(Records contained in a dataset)
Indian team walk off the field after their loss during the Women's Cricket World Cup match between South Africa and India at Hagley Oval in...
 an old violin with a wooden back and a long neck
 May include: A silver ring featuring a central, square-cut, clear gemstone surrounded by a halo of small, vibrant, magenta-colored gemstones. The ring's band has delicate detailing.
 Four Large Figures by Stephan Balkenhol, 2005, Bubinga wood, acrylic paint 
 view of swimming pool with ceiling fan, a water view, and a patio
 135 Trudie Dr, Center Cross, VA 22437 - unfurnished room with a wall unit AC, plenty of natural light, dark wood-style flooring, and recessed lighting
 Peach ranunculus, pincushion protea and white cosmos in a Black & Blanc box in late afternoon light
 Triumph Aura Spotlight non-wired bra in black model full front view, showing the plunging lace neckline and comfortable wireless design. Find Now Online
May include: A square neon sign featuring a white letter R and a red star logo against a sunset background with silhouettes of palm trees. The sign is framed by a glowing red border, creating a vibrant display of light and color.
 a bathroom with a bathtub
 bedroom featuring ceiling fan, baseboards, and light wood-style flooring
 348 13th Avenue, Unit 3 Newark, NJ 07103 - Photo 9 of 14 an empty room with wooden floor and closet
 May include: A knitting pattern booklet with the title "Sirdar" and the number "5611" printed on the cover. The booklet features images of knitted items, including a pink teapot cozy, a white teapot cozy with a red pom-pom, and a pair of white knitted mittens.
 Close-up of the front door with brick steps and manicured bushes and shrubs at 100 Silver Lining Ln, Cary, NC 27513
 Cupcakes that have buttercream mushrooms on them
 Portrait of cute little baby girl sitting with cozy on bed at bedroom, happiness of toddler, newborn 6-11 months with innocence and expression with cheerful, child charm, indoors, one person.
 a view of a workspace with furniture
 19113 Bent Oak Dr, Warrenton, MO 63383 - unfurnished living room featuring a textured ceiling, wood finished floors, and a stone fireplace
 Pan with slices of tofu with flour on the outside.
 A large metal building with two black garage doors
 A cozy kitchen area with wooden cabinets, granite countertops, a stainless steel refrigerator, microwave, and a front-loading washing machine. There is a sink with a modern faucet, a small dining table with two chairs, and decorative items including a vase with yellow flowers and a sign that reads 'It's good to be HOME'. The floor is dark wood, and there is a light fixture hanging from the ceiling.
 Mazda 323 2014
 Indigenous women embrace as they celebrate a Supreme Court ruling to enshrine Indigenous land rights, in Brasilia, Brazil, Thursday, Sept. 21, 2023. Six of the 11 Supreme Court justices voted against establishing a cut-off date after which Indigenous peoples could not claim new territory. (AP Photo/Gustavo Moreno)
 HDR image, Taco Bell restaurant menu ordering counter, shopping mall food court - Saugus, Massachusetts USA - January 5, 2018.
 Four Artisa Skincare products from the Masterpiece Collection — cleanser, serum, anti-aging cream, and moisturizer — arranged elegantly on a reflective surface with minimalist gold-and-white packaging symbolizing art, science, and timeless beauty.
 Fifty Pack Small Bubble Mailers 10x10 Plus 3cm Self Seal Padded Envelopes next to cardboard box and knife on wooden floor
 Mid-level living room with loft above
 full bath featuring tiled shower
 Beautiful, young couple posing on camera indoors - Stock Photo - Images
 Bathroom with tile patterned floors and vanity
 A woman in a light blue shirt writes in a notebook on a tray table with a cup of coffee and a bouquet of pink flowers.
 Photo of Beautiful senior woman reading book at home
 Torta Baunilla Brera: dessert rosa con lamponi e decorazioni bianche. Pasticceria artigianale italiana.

**Problem statement:** Only the lines from the one bearing "Four Artisa Skincare" through the end of the entries above belong in the answer, each one exactly as given.

**Result:**
 Four Artisa Skincare products from the Masterpiece Collection — cleanser, serum, anti-aging cream, and moisturizer — arranged elegantly on a reflective surface with minimalist gold-and-white packaging symbolizing art, science, and timeless beauty.
 Fifty Pack Small Bubble Mailers 10x10 Plus 3cm Self Seal Padded Envelopes next to cardboard box and knife on wooden floor
 Mid-level living room with loft above
 full bath featuring tiled shower
 Beautiful, young couple posing on camera indoors - Stock Photo - Images
 Bathroom with tile patterned floors and vanity
 A woman in a light blue shirt writes in a notebook on a tray table with a cup of coffee and a bouquet of pink flowers.
 Photo of Beautiful senior woman reading book at home
 Torta Baunilla Brera: dessert rosa con lamponi e decorazioni bianche. Pasticceria artigianale italiana.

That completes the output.